The Supreme Court says California cannot ban the rental or sale of violent video games to children.
The high court agreed Monday with a federal court’s decision to throw out California’s ban on the sale or rental of violent video games to minors. The 9th U.S. Circuit Court of Appeals in Sacramento said the law violated minors’ rights under the First and Fourteenth amendments.
The law would have prohibited the sale or rental of violent games to anyone under 18. Retailers who violated the act would have been fined up to $1,000 for each infraction.
The court on a 7-2 vote said the law was unconstitutional.
More than 46 million American households have at least one video-game system, with the industry bringing in at least $18 billion in 2010.
I don’t play many video games these days (mostly Rock Band, or emulators running old games on my Wii, like Donkey Kong or Echo the Dolphin), but this is a decision with ramifications for the RPG industry, and I’m very pleased that the court’s decision was so clear.
Setting aside the arguments about parents having the right to make decisions about what their children can or cannot play, if California (or any state) has the power to ban or restrict video games based on violent content, they set the precident that they have the power to do so for tabletop games as well.
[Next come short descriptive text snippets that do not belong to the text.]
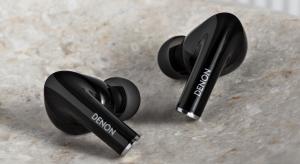Denon debuts true wireless earphone range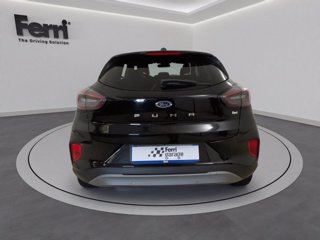 FORD Puma 1.0 ecoboost h Titanium s&s 125cv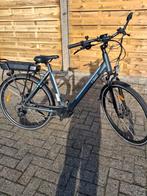 Elektrische fiets, Ophalen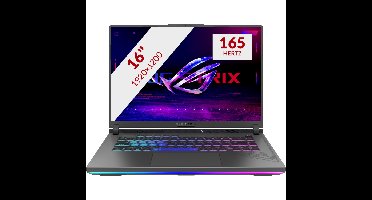ASUS ROG Strix G16 G614FR-RV014W 16'' Copilotplus gaming laptop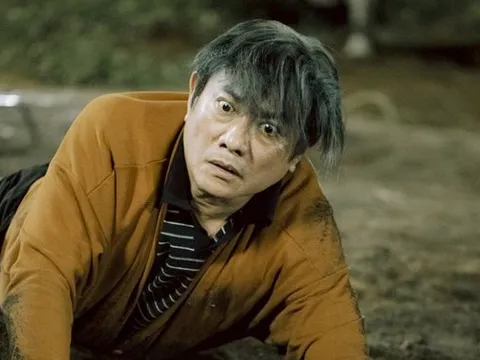 Nam diễn viên Hoàng Phúc tái xuất điện ảnh sau thời gian dài vắng bóng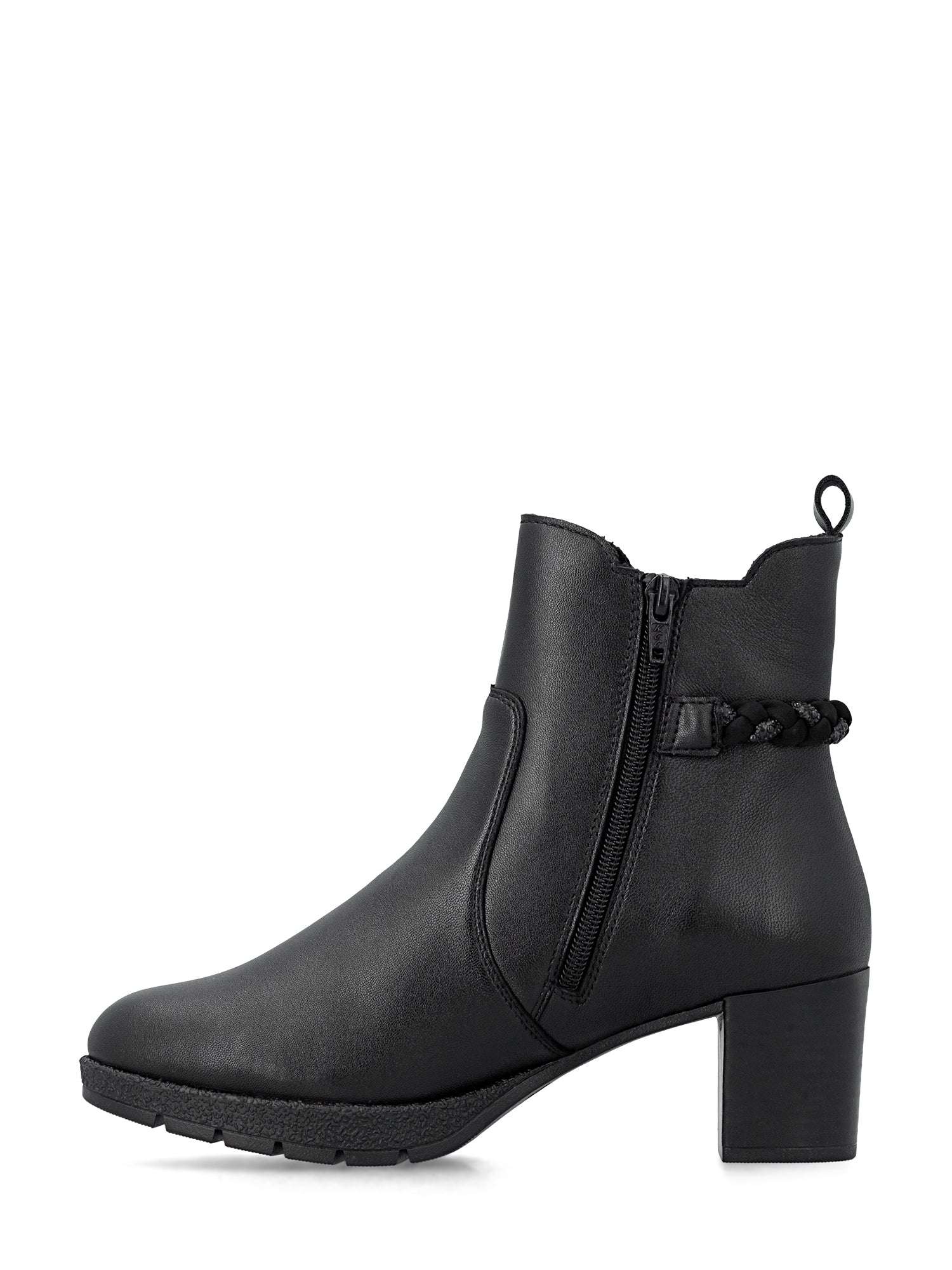 02418 Carivo Boots Skinn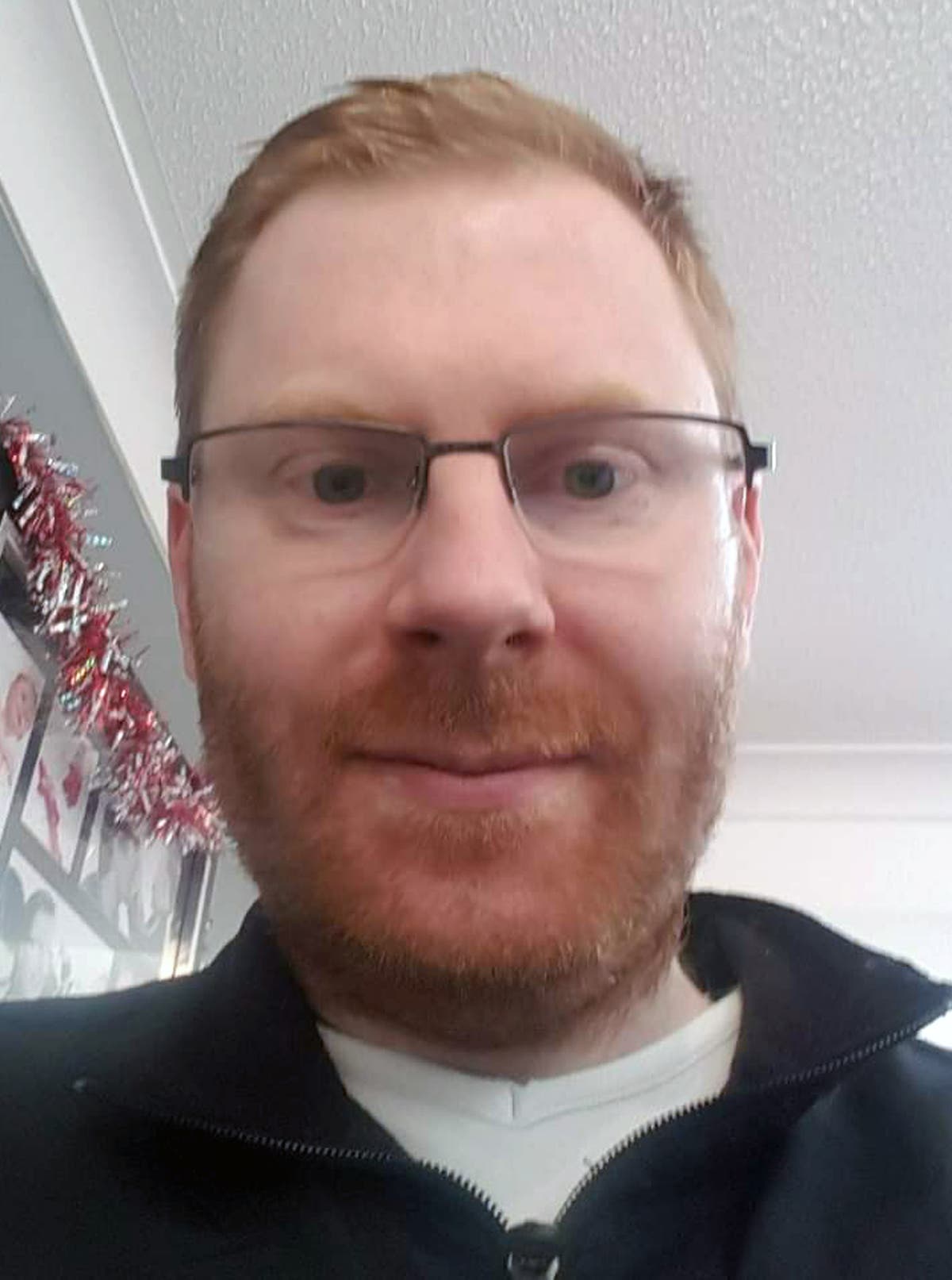 Man &lsquo;strangled dog owner to death then stole his labradoodle as body decomposed on floor&rsquo;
Further, nothing would have been able to stop them at just restricting violent content; they could have, in theory, used any sort of “community standards” to do so; religious themes, nudity, etc. Today it’s Grand Theft Auto IV, tomorrow it could be Carcossa or LotFP: Grindhouse.
All in all, while this was a direct victory for the video game industry, it was an indirect victory for the RPG industry as well, and for free speech in general.